October Research Round-Up: Findings for Vibrant Aging


From an “engineered” blue zone, to the benefits of the flu shot in preventing Alzheimer’s, to the evils of sitting even if you exercise.  These articles and research can help us keep our minds vibrant as we age!

Singapore is the newest blue zone. It’s being called an engineered blue zone because innovative policy initiatives like restaurant discounts when you’ve logged 10,000 steps, tax breaks for living close to older relatives, and subsidized healthy food have all served to boost life expectancy there by 20 years since 1960.

Prior investigations have demonstrated that individuals who had received at least one flu shot had a 40% reduced risk of developing Alzheimer’s in comparison to those who hadn’t undergone any vaccination. Fresh research findings suggest that other routine adult vaccines present a viable and easily accessible approach to Alzheimer’s prevention.
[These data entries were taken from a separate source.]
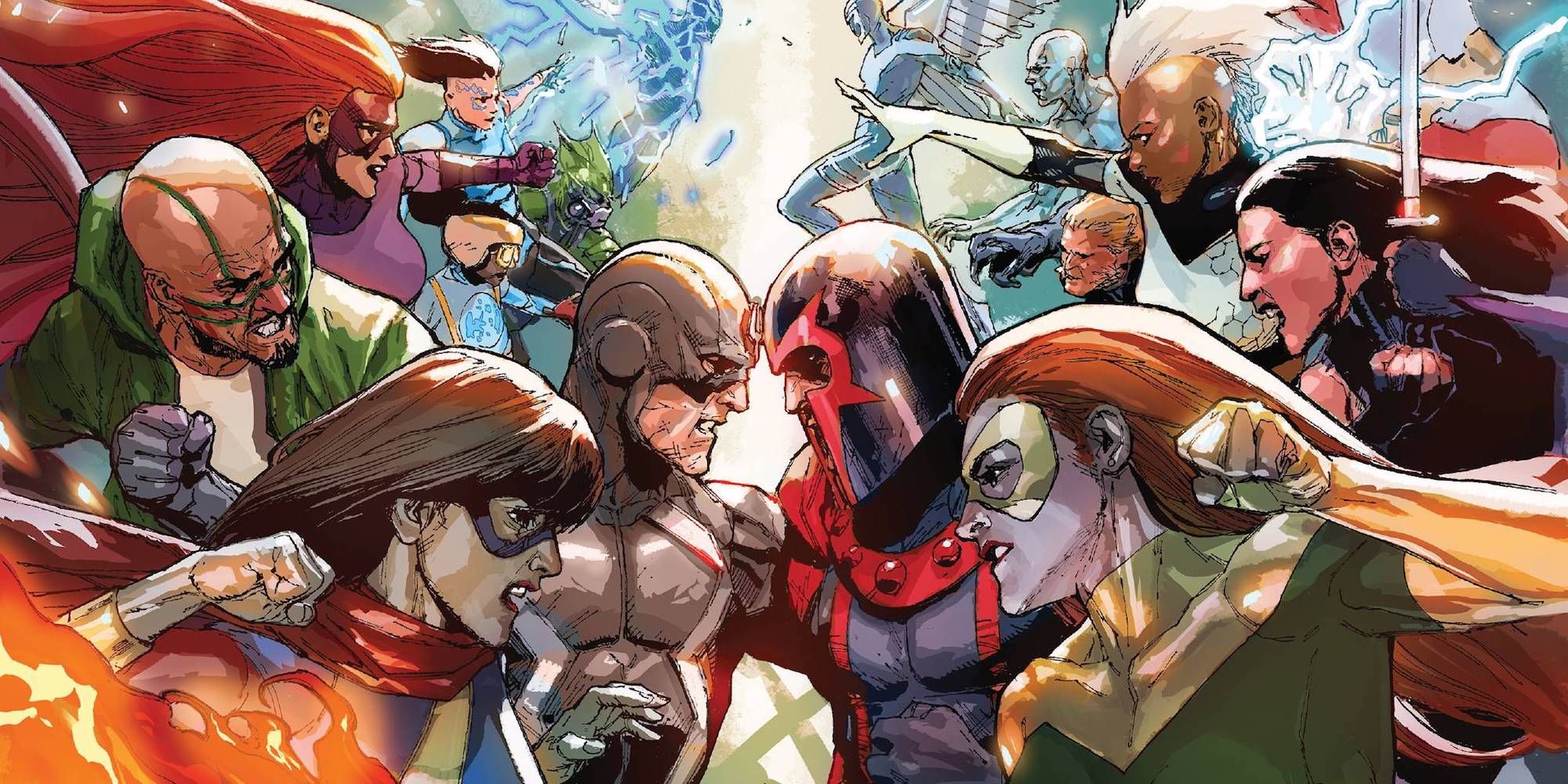 An image of The Inhumans and X-Men facing off in Marvel Comics.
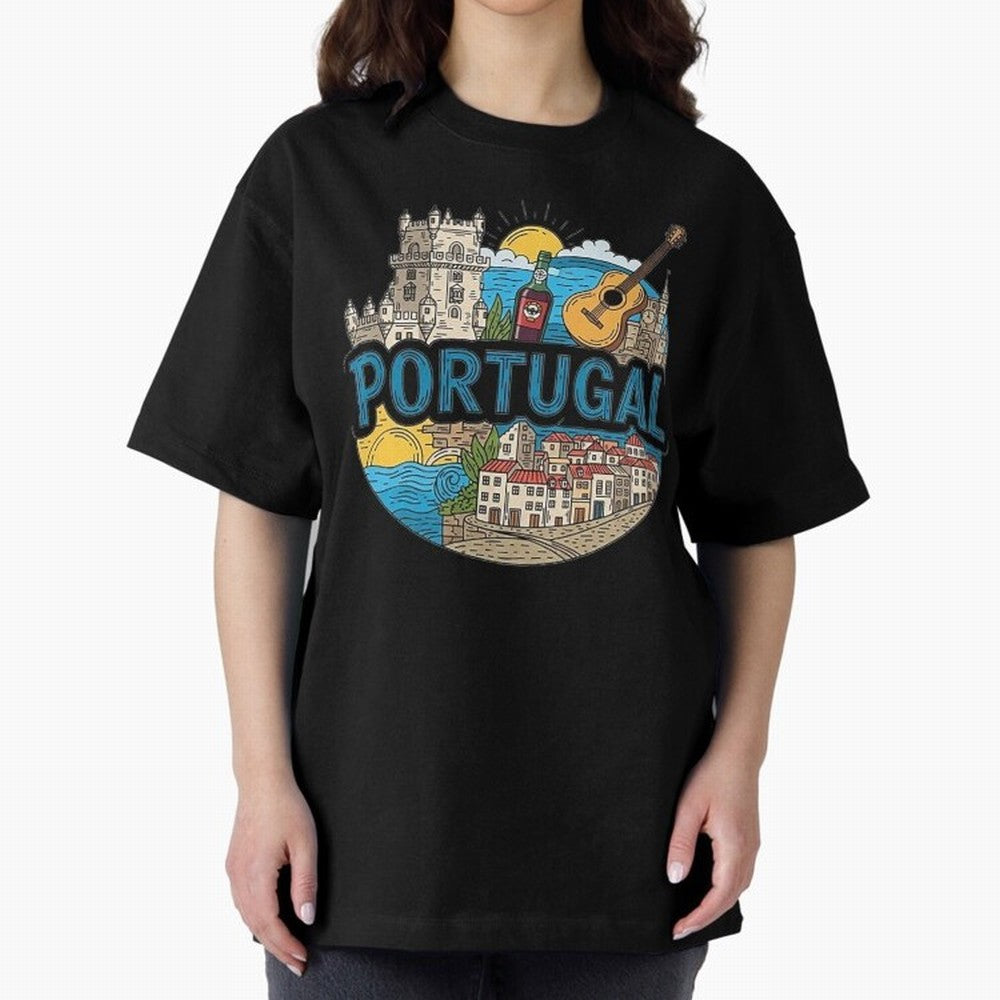 PORTUGAL Oversized T-Shirt Build FIFA World Cup 2026 USA Canada Mexico Spirit, Centered on Spain and Netherlands, Neymar, Football Festival Excitement, Trophy Ambitions, Country Rivalries and Star Player Buzz; Ideal for Football Dads, Football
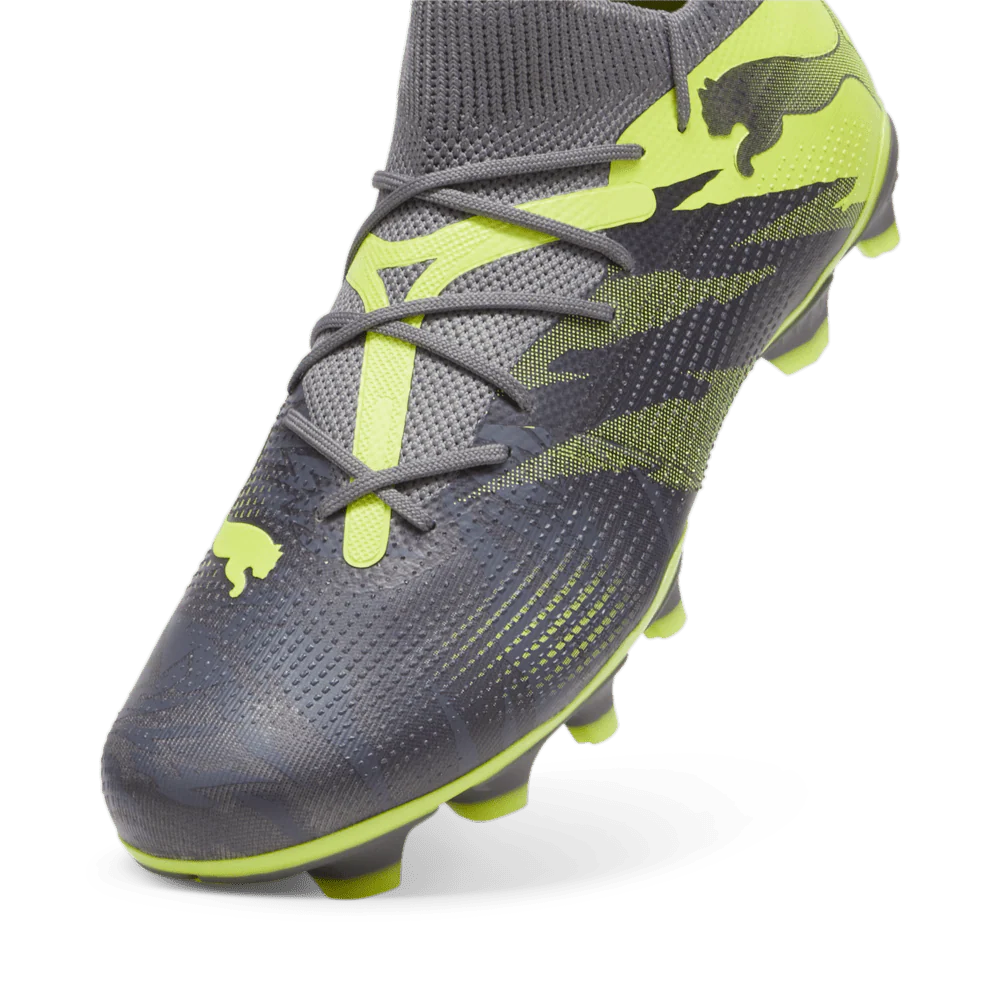PUMA Future 7 Match Rush FG AG Multi Ground Soccer Cleats Strong Grey Cool Dark Grey Electric Lime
To illustrate, when researchers examined various individuals, they observed that those who had received the Tdap/Td vaccine (for whooping cough) were 30% less likely to develop Alzheimer’s than those who hadn’t been vaccinated. It is plausible that vaccines alter the behavior of the immune system as it encounters the accumulation of harmful proteins in the brain, a process associated with the onset of Alzheimer’s disease. They may enhance the efficacy of immune cells in clearing these detrimental proteins or potentially bolster the immune response, thus safeguarding neighboring healthy brain cells.

People who sit 10 or more hours a day have an 8% greater risk of developing dementia within seven years. And, if you think you can exercise to make up for all the sitting time, think again!